Siemens-Chef Roland Busch konnte am vergangenen Donnerstag eine glänzende Quartalsabrechnung für seinen Konzern präsentieren. Nur zwei hässliche Flecken verunzieren seine erfreuliche Bilanz: die schlechten Zahlen bei Siemens Energy, die eine hohe Abschreibung auslösen, und die hohen Kosten des Ausstiegs aus dem Russland-Geschäft. Allein 442 Millionen Euro setzt Busch im abgelaufenen Quartal für diesen Posten an. Insgesamt steigen die Kosten für den Abschied aus Russland damit auf weit über eine Milliarde Euro – selbst für einen so profitablen Konzern wie Siemens viel Geld. Die Belastung trägt dazu bei, das deutsche Unternehmen zum ersten Mal seit zwölf Jahren in die rote Verlustzone zu drücken.
Die russischen Staatsmedien berichten über die Siemens-Zahlen mit Häme. Für sie unterstreicht die Milliarden-Belastung wieder einmal, dass sich die Deutschen mit ihrem Rückzug selbst mehr schaden als Russland. Man werde die Produkte von Siemens durch Erzeugnisse aus den „vaterländischen“ Fabriken und Importe aus Ländern wie China oder der Türkei ersetzen. Mit der ökonomischen Wahrheit haben diese Behauptungen nichts zu tun: Für Unternehmen wie Siemens geht es um eine einmalige Belastung. Bis zum Ende dieses Jahres wird Busch das Kapitel Russland erledigen. Mittelfristig bleibt nicht mehr als ein kleiner Kratzer, der schnell vergessen ist. Genau umgekehrt im Reich Putins: Dort wird sich der Abschied von Siemens über viele Jahre immer stärker bemerkbar machen. Russlands Industrie und Verkehrssysteme fallen ohne einen Modernisierungsschub weiter hinter die westlichen Nationen zurück. Siemens sollte eine zentrale Rolle dabei spielen, die russischen Fabriken und die Eisenbahn auf ein höheres technisches Niveau zu hieven. Daraus wird nun nichts. Und die westlichen Sanktionen sorgen dafür, dass auch die direkten Siemens-Wettbewerber aus den USA und Japan nicht einspringen können. China kann auch nur bedingt helfen – mangels Expertise und aus Angst, selbst unter Sekundärsanktionen zu fallen.

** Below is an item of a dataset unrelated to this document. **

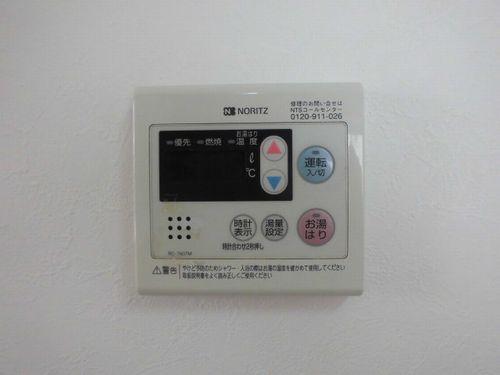 タウンハウスＭＫ 設備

In Deutschland neigen wir dazu, die russische Stärke zu überschätzen. Das gilt sowohl für das russische Militär als auch besonders für die russische Wirtschaft. Russlands einziges Plus aber sind seine hohen Einnahmen aus dem Erdöl- und Gassektor, die in den nächsten Monaten jedoch immer weiter sinken werden. Darüber hinaus hat Russlands nichts zu bieten. Die hohe Importabhängigkeit der russischen Wirtschaft schlägt umgekehrt immer stärker durch.
Russland produziert so gut wie keine Medikamente, keine Laborausrüstungen, keine Halbleiter, keine elektronischen Steuerungen, keine Industrieroboter, keine leistungsfähigen Batterien, nicht einmal elektronische Einspritzsysteme für Autos. Man könnte diese Liste seitenweise fortsetzen. Ohne Zulieferungen aus dem Westen kommt die russische Wirtschaft nicht über die Runden. Und jedes deutsche Unternehmen, dass sich aus dem Reich Putins zurückzieht, vergrößert die Misere. Die größte Fehleinschätzung des Diktators war keine militärische, sondern eine wirtschaftliche: Ein Land mit einer so hohen Importabhängigkeit wie Russland sollte sich nicht mit der halben Welt anlegen.